*** Provided records Section Begins ***

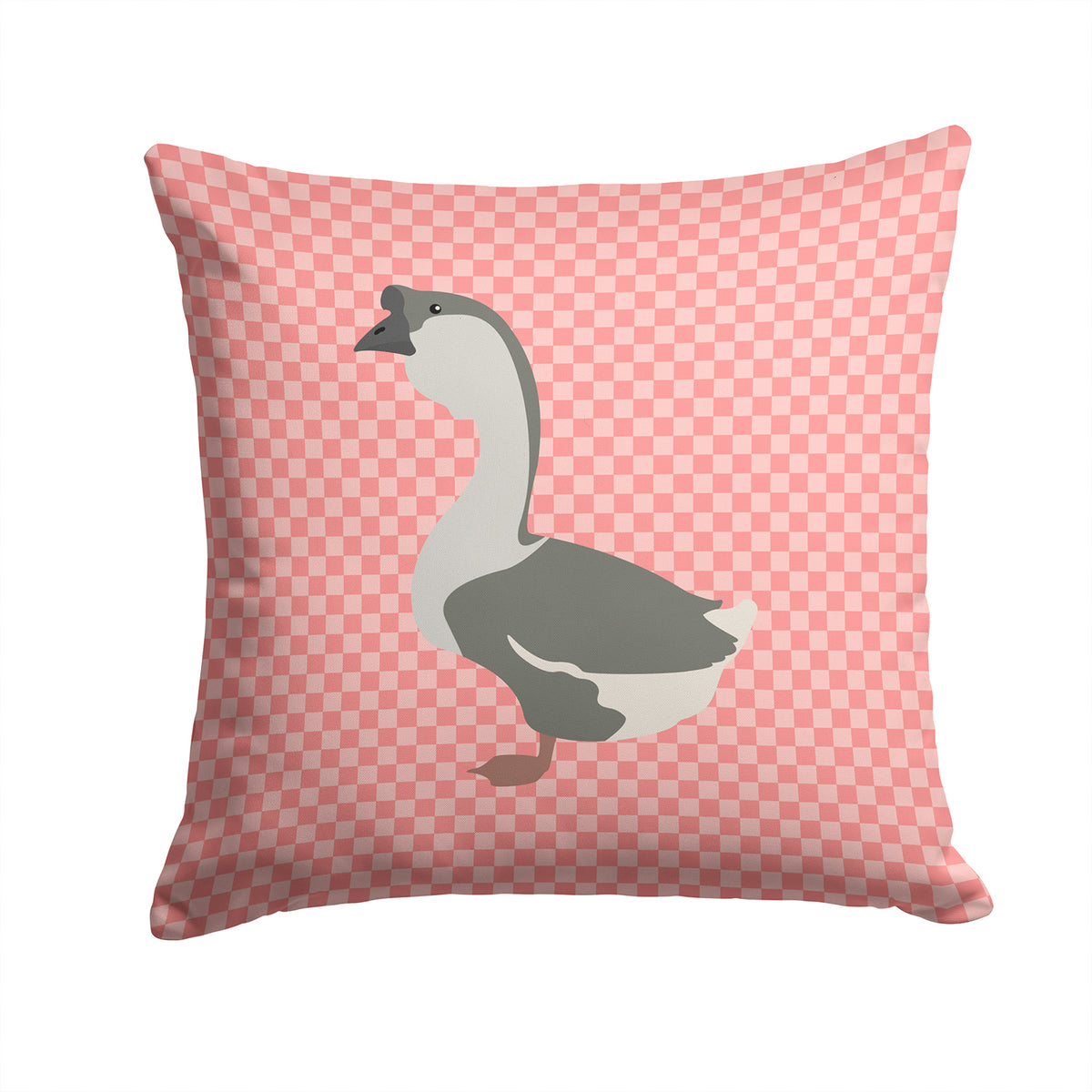 African Goose Pink Check Fabric Decorative Pillow BB7899PW1414 - the-store.com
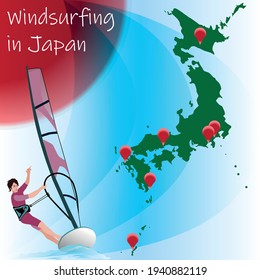 Vektorgrafik über Windsurfen. Surfspots sind auf der Landkarte von Japan markiert. Windsurfer, Inschrift Windsurfen in Japan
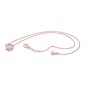 6412C19017 - Collar de acero ip rosado y cristal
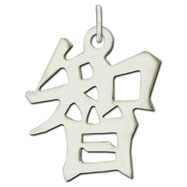 Picture of Sterling Silver "Wisdom" Kanji Chinese Symbol Charm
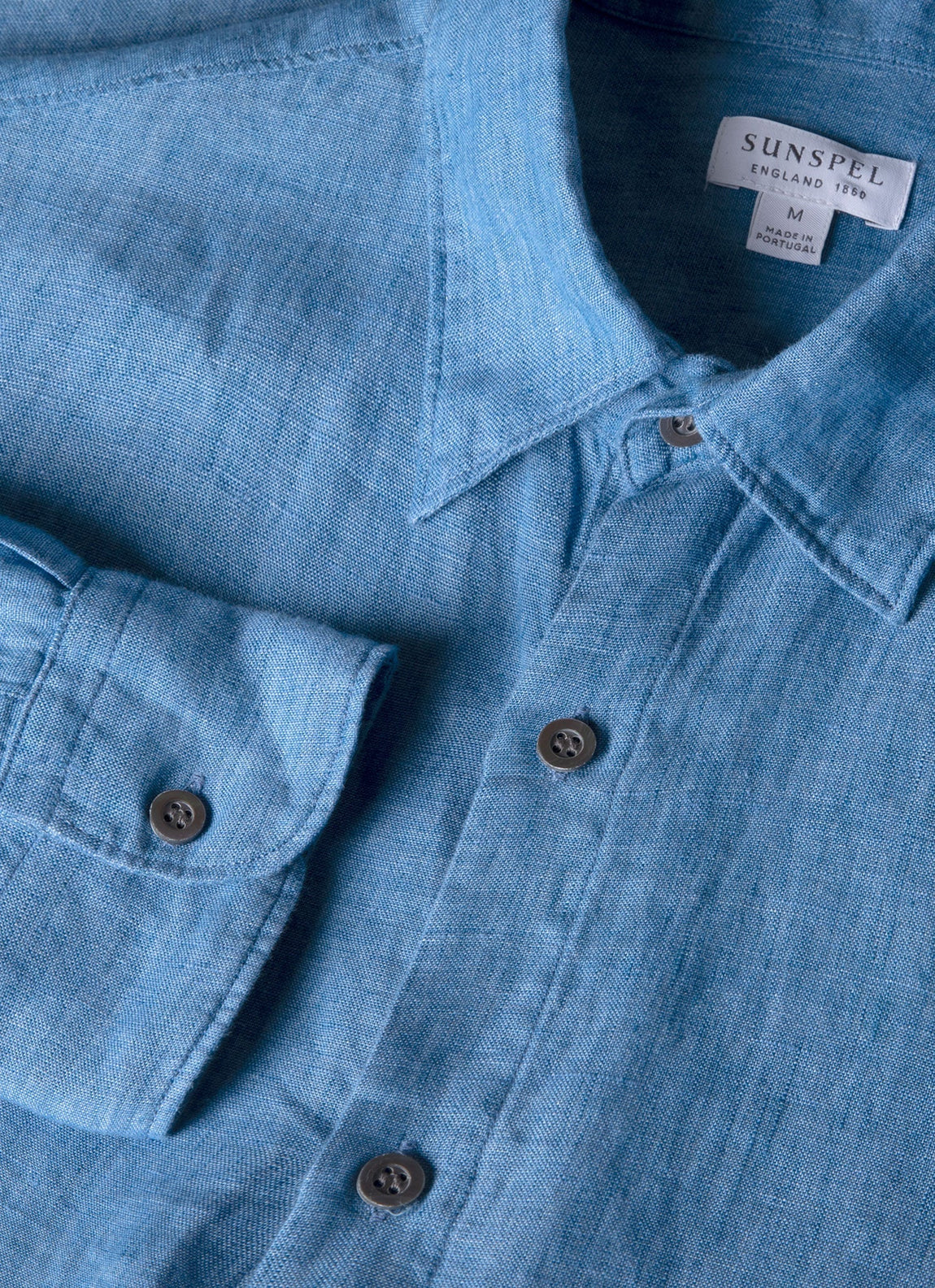 Men's Linen Shirt in Cool Blue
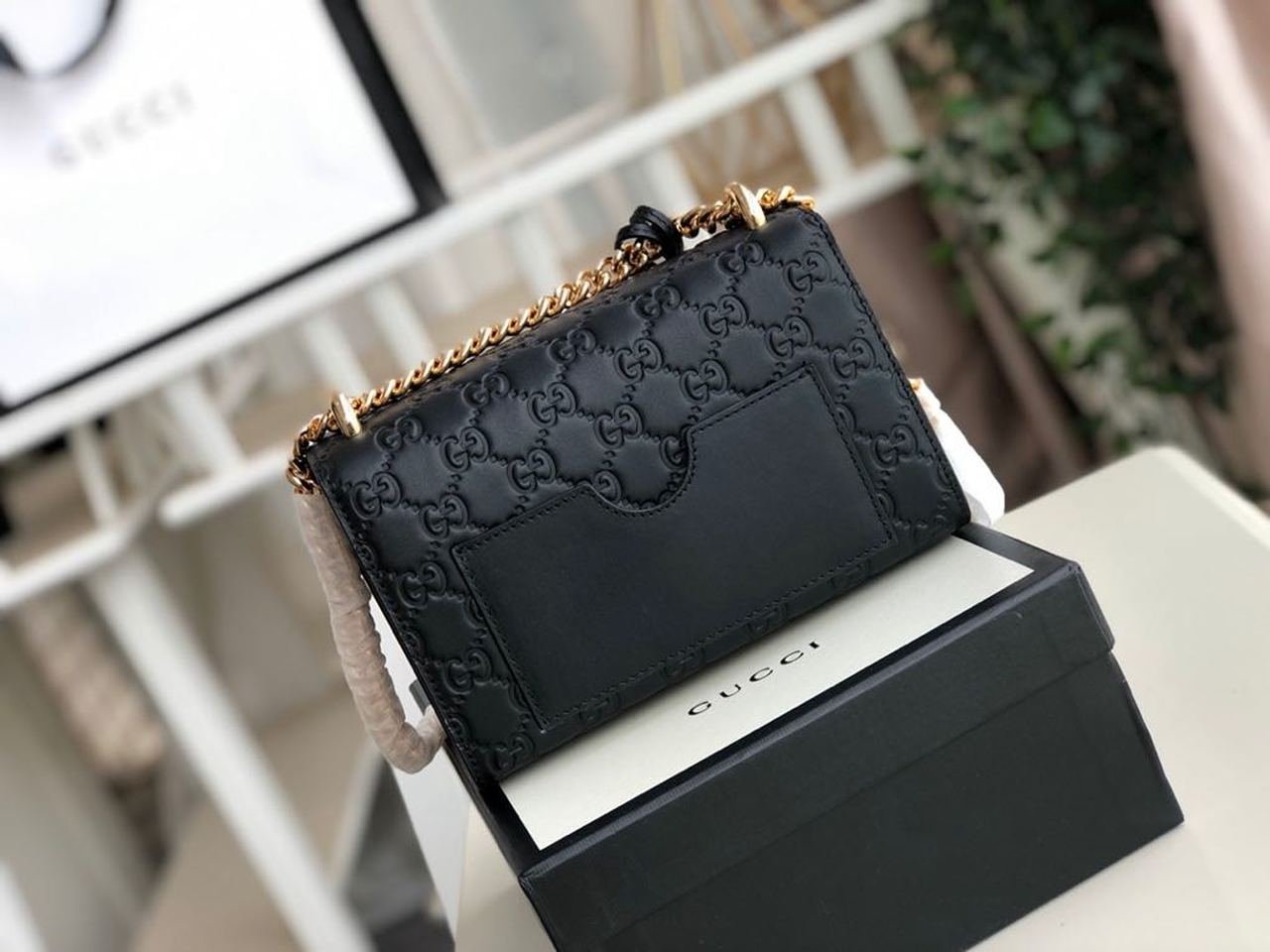 Gucci Padlock Small Gucci Signature Shoulder Bag Black Gucci Signature For Women 7.9in/20cm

*** Provided records Section Ends ***

Assigned task: Print each record as it appears above, dropping every picture from the copy.

Answer box:
 African Goose Pink Check Fabric Decorative Pillow BB7899PW1414 - the-store.com
 Vektorgrafik über Windsurfen. Surfspots sind auf der Landkarte von Japan markiert. Windsurfer, Inschrift Windsurfen in Japan
 6412C19017 - Collar de acero ip rosado y cristal
 Picture of Sterling Silver "Wisdom" Kanji Chinese Symbol Charm
 Men's Linen Shirt in Cool Blue
 Gucci Padlock Small Gucci Signature Shoulder Bag Black Gucci Signature For Women 7.9in/20cm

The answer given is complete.